Chapter 1 - Language and Acquisition (pp. 5-37) In this chapter, Gualmini introduces the discussion which runs through the whole volume under review, i.e., ''entailment relations, polarity items and inferences across natural languages'' (pp. 6f.) and how these linguistic phenomena can be approached when using one of three models of language acquisition: the ''Conservative Learning Model'', the ''Rich Input Model'', and the ''Continuity Assumption'' (pp. 24f.).
Gualmini is mainly concerned with ''downward entailments'' (henceforth: DE): DE ''describes the environments in which a noun phrase can be substituted with one that picks out a subset of the denotation of the original noun phrase without affecting the truth of the original sentence'' (p. 9):
(7a) John graduated BEFORE HE WROTE HIS FIRST PAPER licenses the inference: John graduated BEFORE HE WROTE HIS FIRST GOOD PAPER. (p. 8)
(Note: Gualmini's examples are reproduced in the present review with their original numbers. I use capital letters for terms, which appear underlined in the original text.)
Gualmini discusses and, in part, challenges some of the features of DE as maintained in previous literature. According to him:
(i) a ''downward entailing operator OP-DE'' (p. 12; the original notation is with capitals OP plus low-placed capitals DE), as _without_ and _before_, is not automatically operative (pp. 16f., 20);
(ii) the view that ''negative polarity items (NPIs)'', as _any_ and _ever_, are used grammatically in downward entailing environments, whereas the occurrence of ''positive polarity items'' (PPIs), as _every_, and _already_, in such environments often leads to ungrammaticalities (pp. 9f., 22f.) is challenged, since there are cases of grammatical sentences containing PPIs in downward entailing contexts (p. 22), a claim further developed in Chapter 6;
(iii) but DE does not occur in negative environments only (pp.20f.);
(iv) sentences containing an OP-DE and the disjunction operator _or_ license conjunctive inferences, according to the scheme OP-DE(A or B) entails OP-DE(A) and OP-DE(B) that corresponds to ''one of De Morgan's laws of propositional logic'' (pp. 12f.);
(v) the decisive force for the occurrence of DE is the structure dependent notion of c-command (p. 16), a claim further developed in Chapter 3.
Next, Gualmini discusses which model of language acquisition is the most adequate for explaining ''how children achieve th[is] intricate pattern of linguistic behavior'' (p. 18).
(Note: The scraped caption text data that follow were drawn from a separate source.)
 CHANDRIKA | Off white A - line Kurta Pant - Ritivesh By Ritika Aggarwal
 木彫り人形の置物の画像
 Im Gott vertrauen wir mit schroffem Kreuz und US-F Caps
Tomasello's (2000) ''Conservative Learning Model'' and Pullum's & Scholz' (2002) ''Rich Input Model'' are out of question because of their notion of qualitative distinction between children's and adults' linguistic competence (pp. 30f.), their refusal of the Poverty-of-Stimulus hypothesis (p. 34), as well as their relying on what Gualmini calls ''syntax-blind mechanisms'' (Chapter 2, p. 50). Gualmini endorses the ''Continuity Hypothesis'' (MacNamara 1982, Pinker 1984, Crain & Thornton 1998, Crain & Pietroski 2001) according to which ''observed mismatches between children and adults are compatible with U[niversal] G [rammar]'' (p. 34). Since ''[t]he property of downward entailment is closely related to the meaning of certain linguistic expressions across natural languages'' (p. 35), and the acquisition of such meanings ''is largely determined in advance by Universal Grammar'', ''we expect children's knowledge of downward entailment to be essentially adult-like from the earliest stages of language development, [...] we expect children to be like adults in the classification of a linguistic context as DE or non-DE, since natural languages do not differ in this respect'' (p. 36).
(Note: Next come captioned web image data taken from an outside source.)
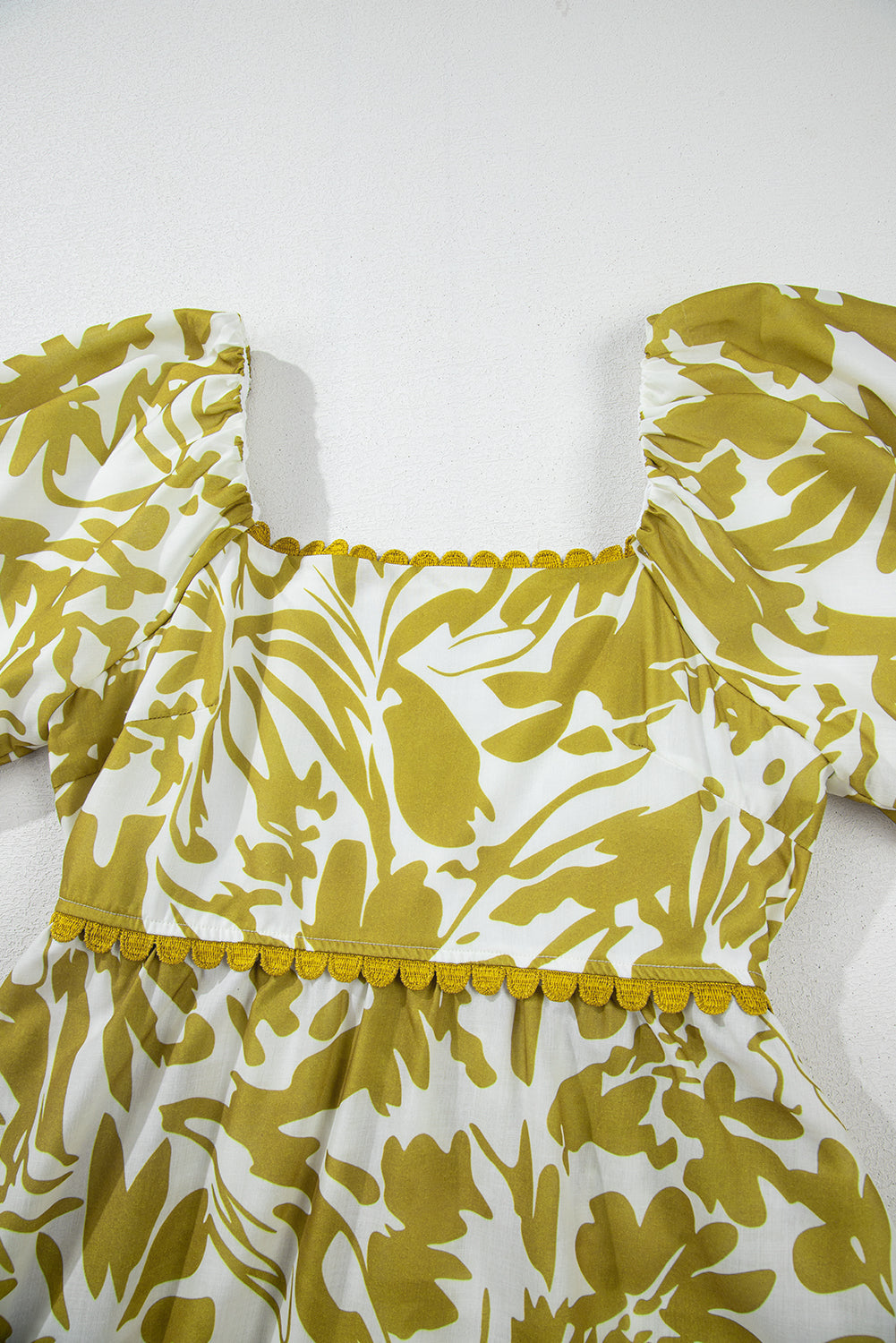Robe longue fleurie taille haute à col carré et bordure festonnée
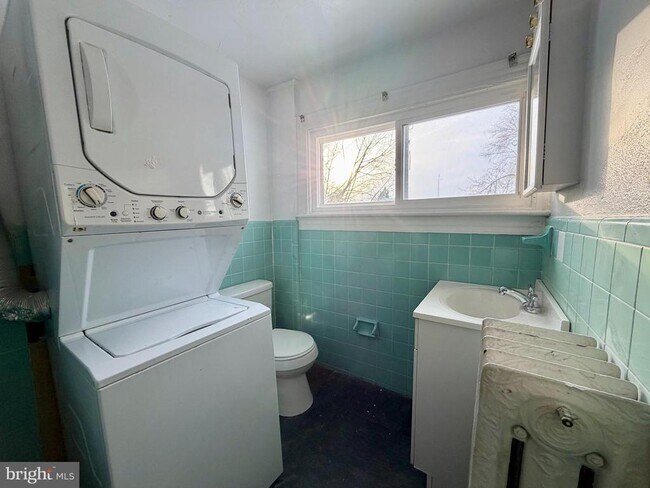 Building Photo - 706 N High St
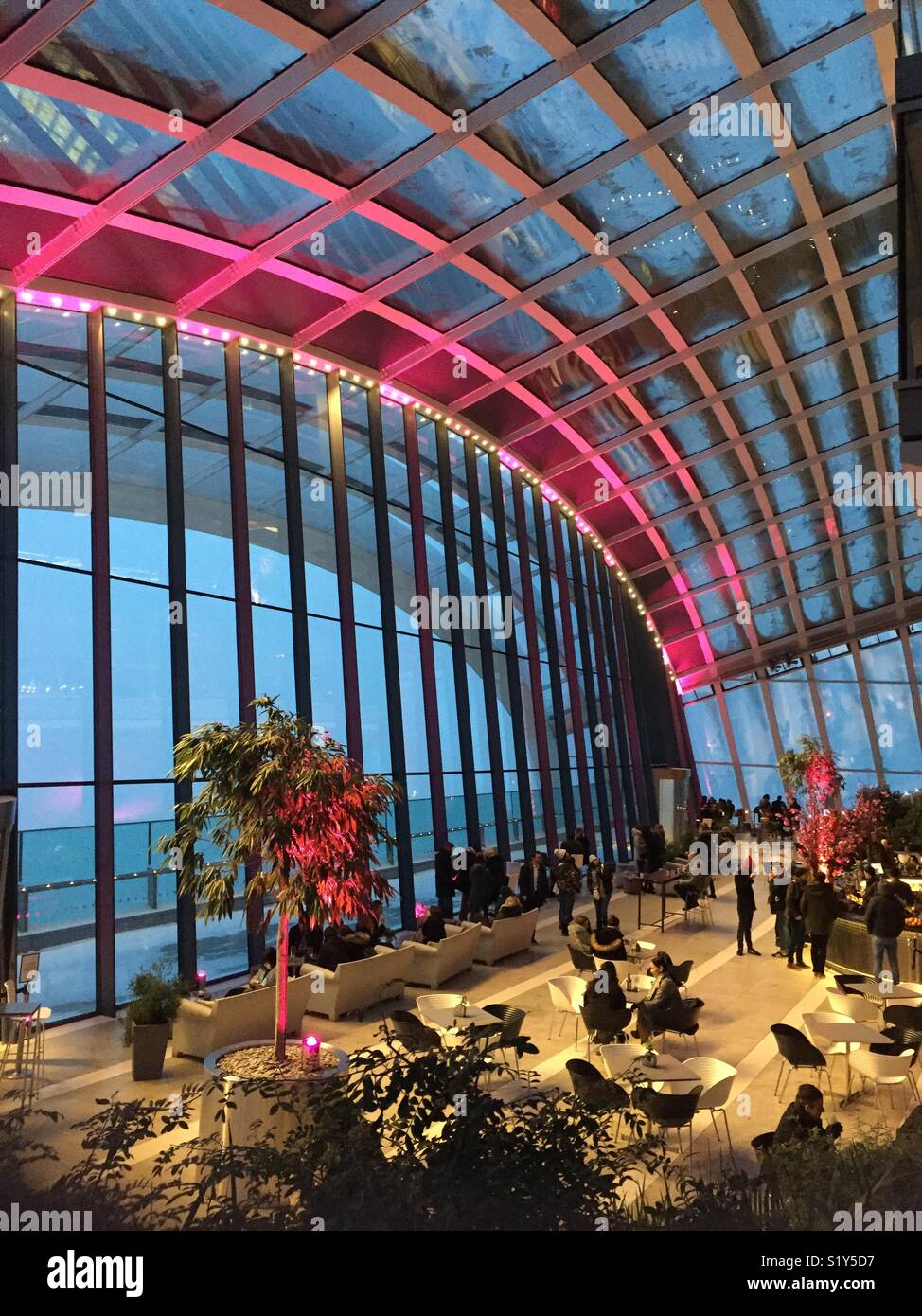 Sky garden london hi-res stock photography and images - Alamy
Chapter 2 - Entailment and Polarity Phenomena in Child Language (pp. 39-61) In this chapter, Gualmini reviews the experimental research on child acquisition of DE (pp. 40f.), before he presents his own Experiment I, a study of children's conjunctive interpretation of ''the disjunction operator _or_ in the scope of the quantified expression _None of the Ns_'' (pp. 48f.).
Gualmini points out to substantial and methodological shortcomings in the previous research and proposes solutions for them (pp. 44f.):
(i) the focus on items limited to DE environments, as _any_, should be expanded to accommodate different structural configurations, as sentences with a non-downward entailing environment; and
(ii) the methodology (Elicited Production tasks) is concerned mainly with performance (production) and should be substituted/completed with Truth Value Judgment tasks (developed by Crain & McKee 1985, as Gualmini in Chapter 3, p. 73 informs us), focusing, therefore, on comprehension/interpretation (competence).
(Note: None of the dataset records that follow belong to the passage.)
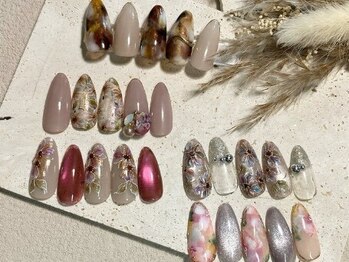 Nail Salon hinasora【ひなそら】の写真/まさに一点ものの芸術◇繊細な筆致で描くフラワーアートで、あなただけの唯一無二の特別感を演出します♪
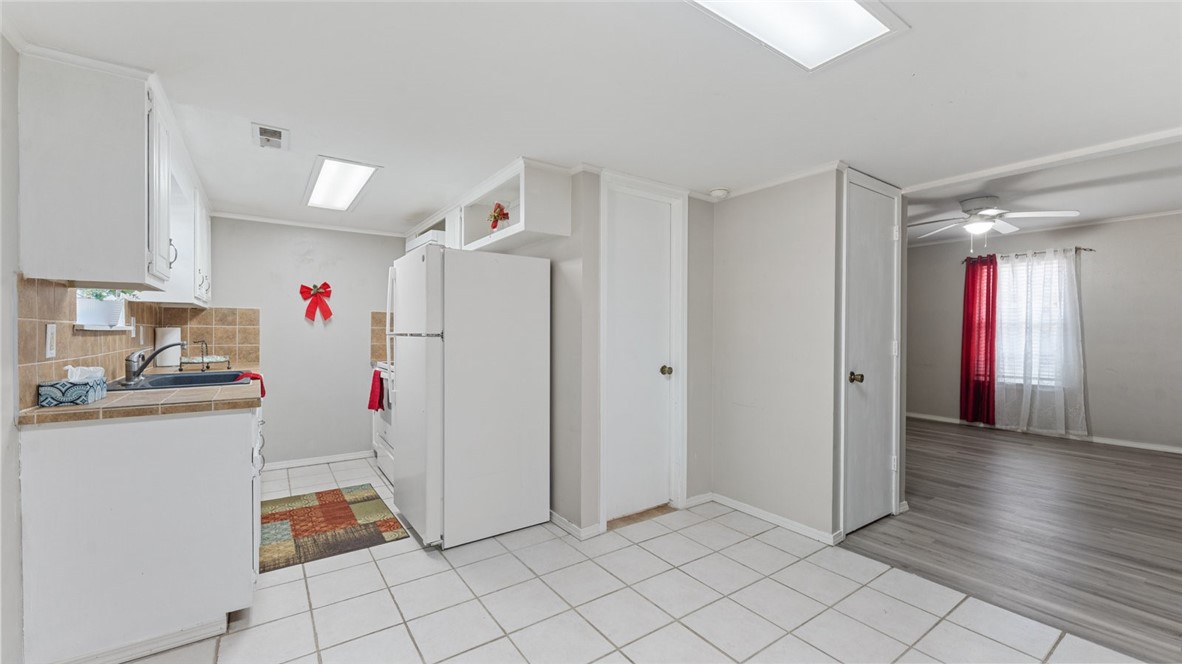 Oak Tree Condos - Residential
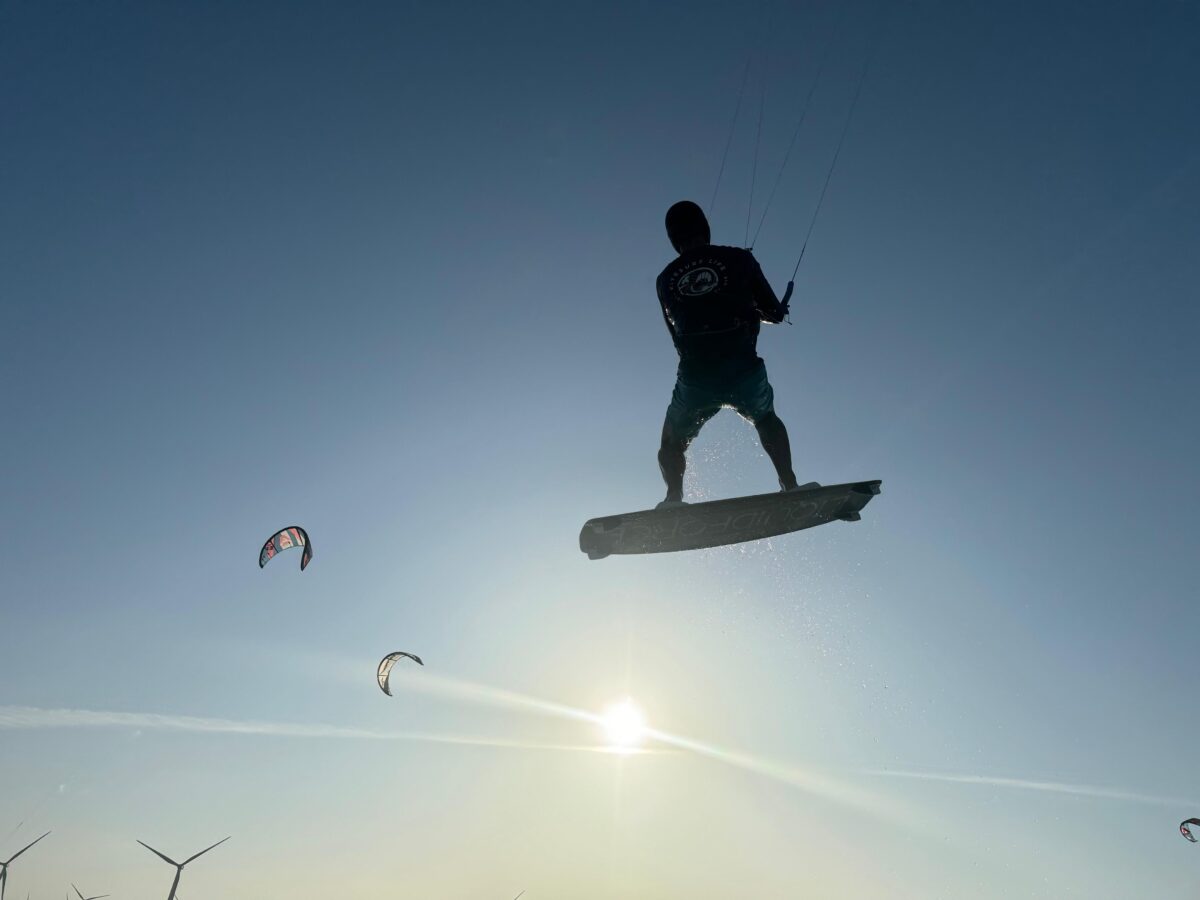 Velejadores de diferentes níveis de experiência encontram em Tutóia condições ideais para a prática do kitesurf - Rômulo Duarte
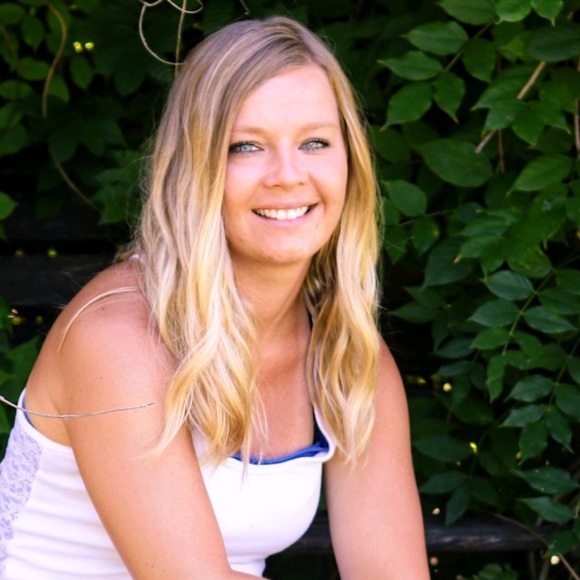 Meet your Posher, Ashley - Picture 1 of 1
An example for such an experimental improvement is Boster's & Crain's (1993) study on children's interpretation of disjunction in the scope of _every_ employing the Prediction Mode of the Truth Value Judgment task, in which the children are presented with a short story and, at the end, with a target sentence commenting on the final outcome of the story (pp. 46f.). (Note: All experiments employing the Truth Value Judgment task discussed in the volume under review have this basic design.)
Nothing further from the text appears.